En tant que président de l’Union Mons-Hainaut, il constate les difficultés rencontrées par les clubs belges.
Beaucoup ont encore les images de la dernière finale de Coupe de Belgique en tête et plus particulièrement l’euphorie avec laquelle le président de l’Union Mons-Hainaut avait vécu les événements en bord de terrain dans le décor de Forest National. Il a beau tenir un rôle de chef d’entreprise sur le plan professionnel, Ronald Gobert reste un passionné de sport et de sa région. Dans les tribunes de la Mons. Arena, il n’est jamais le dernier à manifester ses émotions.

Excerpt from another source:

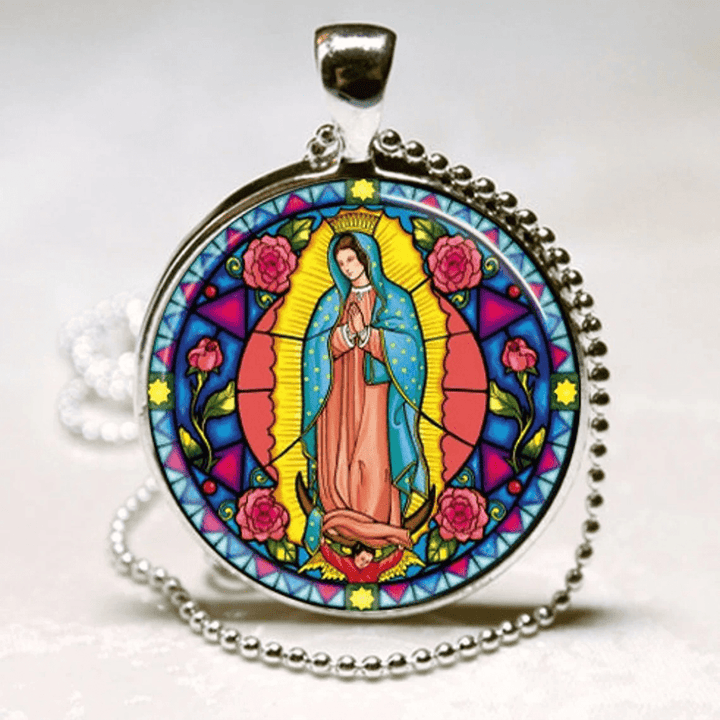 Christianartworkshop Ensemble de bijoux religieux en verre Sainte-Marie Notre-Dame - image 2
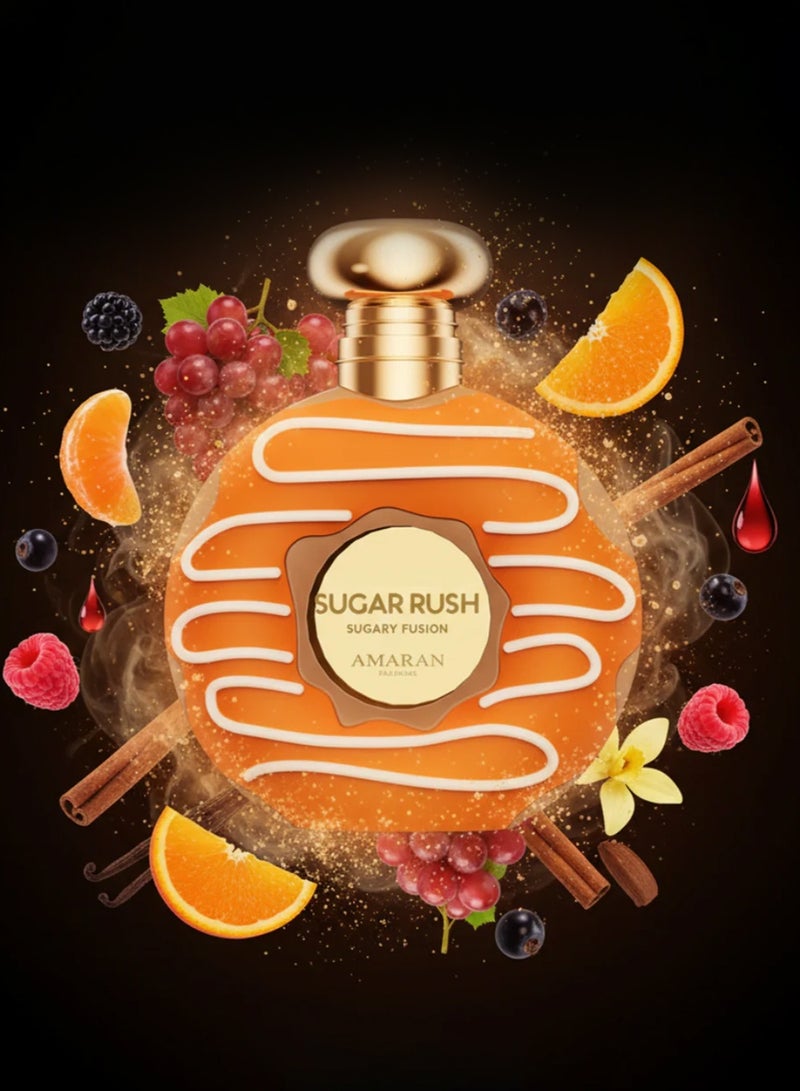 AMARAN Sugar Rush Sugary Fusion Amaran Eau de Parfum 100ml Unisex | Long-Lasting Sweet Fruity Vanilla Perfume - Image 3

Mais "avec la formule du championnat, la Coupe de Belgique et la Coupe d’Europe, nous jouons énormément de matchs sur une saison et tous les supporters n’ont pas toujours forcément les moyens ou le temps de venir à tous les matchs. Et puis, il faut bien avouer que le niveau et le spectacle ont diminué ces dernières années. Je suis convaincu que le basket-ball belge à besoin d’innover. Par rapport à quelques années en arrière, pratiquement tous les clubs ont dû revoir leur budget à la baisse."
Mons-Hainaut n’a pas échappé à cela et son avenir pourrait d’ailleurs se jouer très prochainement puisque la fin du contrat en cours avec Belfius, sponsor principal du club depuis 15 ans, prendra bientôt fin. "Les négociations sont toujours en cours avec notre partenaire historique, qui a toujours été fidèle et très correct envers notre club. Et on espère donc évidemment poursuivre avec lui", affirme-t-il en pensant aux conséquences négatives qu’une non-prolongation du partenariat engendrerait pour le club. "On y pense, bien sûr. C’est pour ça que je tire parfois la sonnette d’alarme en disant qu’il est aussi peut-être temps que d’autres personnes se montrent et s’investissent plus dans le club. Ce ne serait que bénéfique pour le club et son image au niveau local."